Once I've got my line straight, I do construction lines for all the windows and doors. They are not all on the same line but enough of them are that it's a useful guide. Then I do the same with the vertical sides of the windows and doors.

Next, I block in the roofline. They are fun to do because the angles are really cute and if you get it right, your picture will look automatically sweet. The perspective will become clear, as the rooflines change on the left and right of your view.

The next bit is fun - that's when I ink in with my trusty Platinum Carbon pen. It's when it's all done I simply wash watercolour on top.

You can't really go wrong at this stage. A good tip is to wait for the sky to do something interesting - a mix of cloud and blue is always best - and when it arrives, paint as fast as you can. Don't forget to do the sky (a) in one go and (b) preferably before you have painted below it, or you will smudge your newly-painted bits.
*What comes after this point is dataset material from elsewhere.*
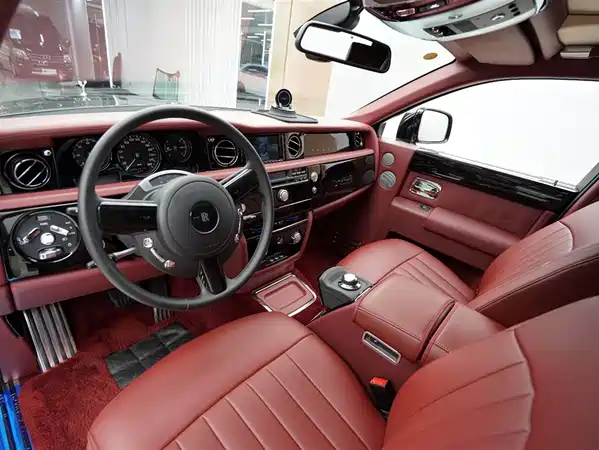 Rolls-Royce Phantom 2013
I needed about four hours to do this, maybe a bit more - it's good to do it over two days but just remember to do the bits that will change first, like the sky (see above) and of course the tide. I know you can't guarantee it (especially not in this mad country) but try to choose two consecutive days when the weather will be more or less similar.

That's it!

If you were to walk left from the end of the row of houses above, you would immediately be in the best part of Galway City. It's known as the Latin Quarter and consists of narrow, pedestrianised streets, with bars and restaurants along its length, and outdoor tables full of lively conversation. There are often buskers along there and they contribute wonderfully to the happy atmosphere. I first arrived in Galway in the month of October. It was just a normal Tuesday afternoon and there were no festivities on at the time. I remember thinking the atmosphere was like Grafton St. (Dublin's fanciest street) at Christmas. I now know that it's always like that (apart from a November afternoon on a school day in the rain).

Here's a view down Kirwan's Lane, one of the seven medieval lanes which lead off the twisty and windy Quay St., the busiest part of the Latin Quarter:

 Here's another view of the Long Walk, drawn from a bit further along:

There are always swans in the sea there and they always find their way into the scene. I really like drawing them - that S of their necks makes such a nice sweep with the pen.

Other occasions for which I have painted the Long Walk include: for my father's birthday two years ago (he is nuts about that scene); for my friend Irene's wedding: for my friend Cathy's 40th birthday and for my husband's friend Glenn's 40th birthday. I've painted it just to make a few quid. And it's been good to me: I've sold 45 prints of it, so there are 55 left in the print run of 100 at this time. 

You're not supposed to park where I like to park when I paint The Long walk. It is typical of Galway that far from asking me to move on, the traffic warden has made sure no one blocks my view.